For the first time in her nearly 40-year career, folk-rocker Lucinda Williams makes an appearance on a Billboard song sales chart, as “Changed the Locks” debuts at No. 16 on Rock Digital Songs (dated Nov. 14) with 6,000 sold (up from nearly none the week before), according to Nielsen Music. She first released the track on her self-titled 1988 album. (Notably, Rock Digital Songs didn’t debut until 2010.)
The catalyst for the vault: a synch in Showtime’s The Affair, in which character Helen Solloway (played by Maura Tierney) drunkenly sings along to the song.
“Locks” has charted before on a Billboard ranking: Tom Petty and the Heartbreakers‘ version, from the She’s the One soundtrack, reached No. 20 on Mainstream Rock Songs in 1997.

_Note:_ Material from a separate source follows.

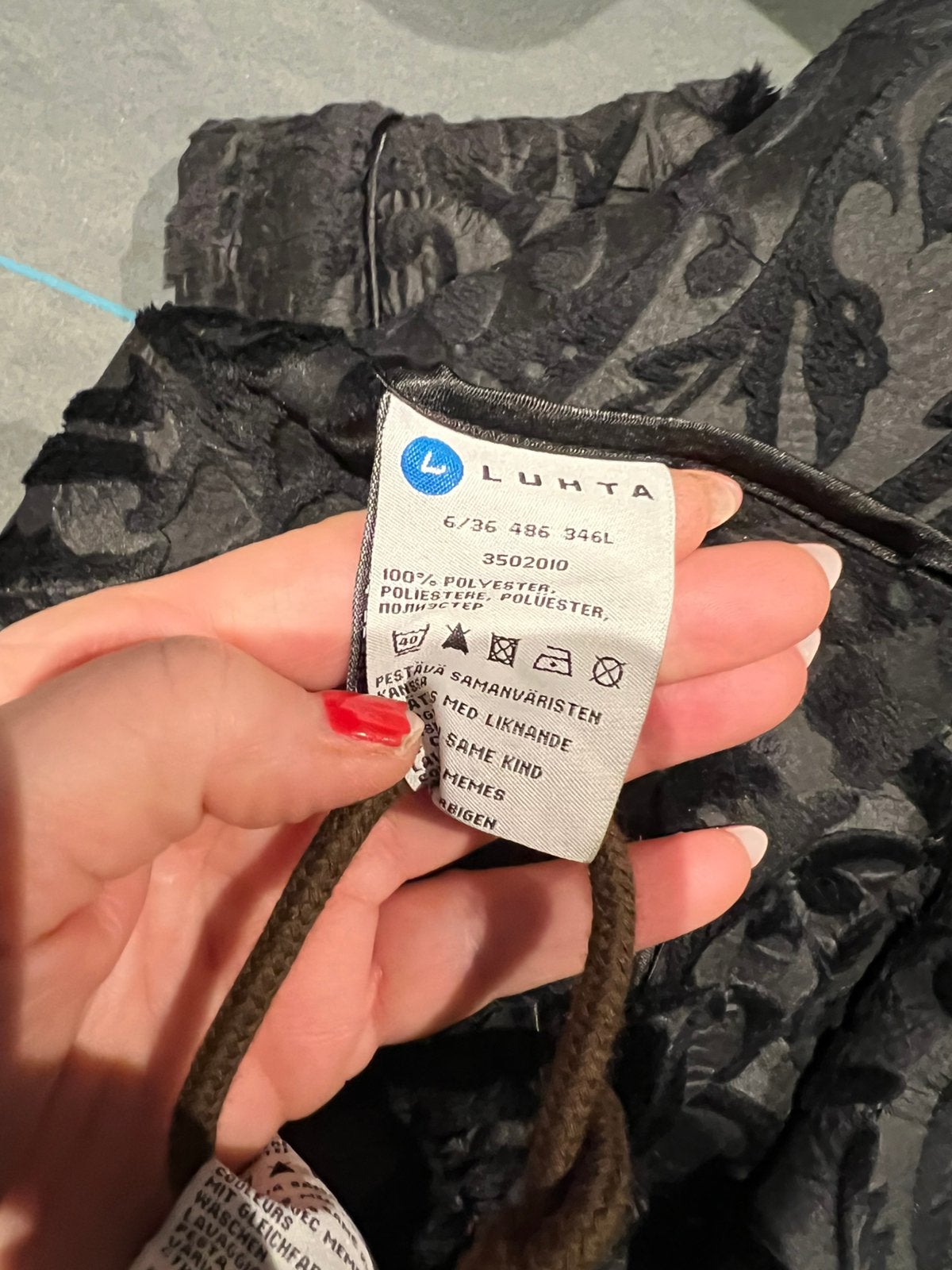 LUHTA muts & sjaal fluweel L nieuw met kaartjes, Overige typen, G, R, Maat 42/44 (L)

While Williams charts new chart territory, she’s notched seven top 40 albums on the Billboard 200, rising as high as No. 9 with 2008’s Little Honey. Her most recent set, 2014’s Down Where the Spirit Meets the Bone, hit No. 1 on Folk Albums.
Prior to Petty’s “Locks” cover, Williams scored a commercial breakthrough thanks to her friend Mary Chapin Carpenter: she wrote Carpenter’s 1993 country-pop hit “Passionate Kisses,” first recorded on Williams’ 1988 set. The song hit No. 4 on Hot Country Songs and No. 11 on Adult Contemporary.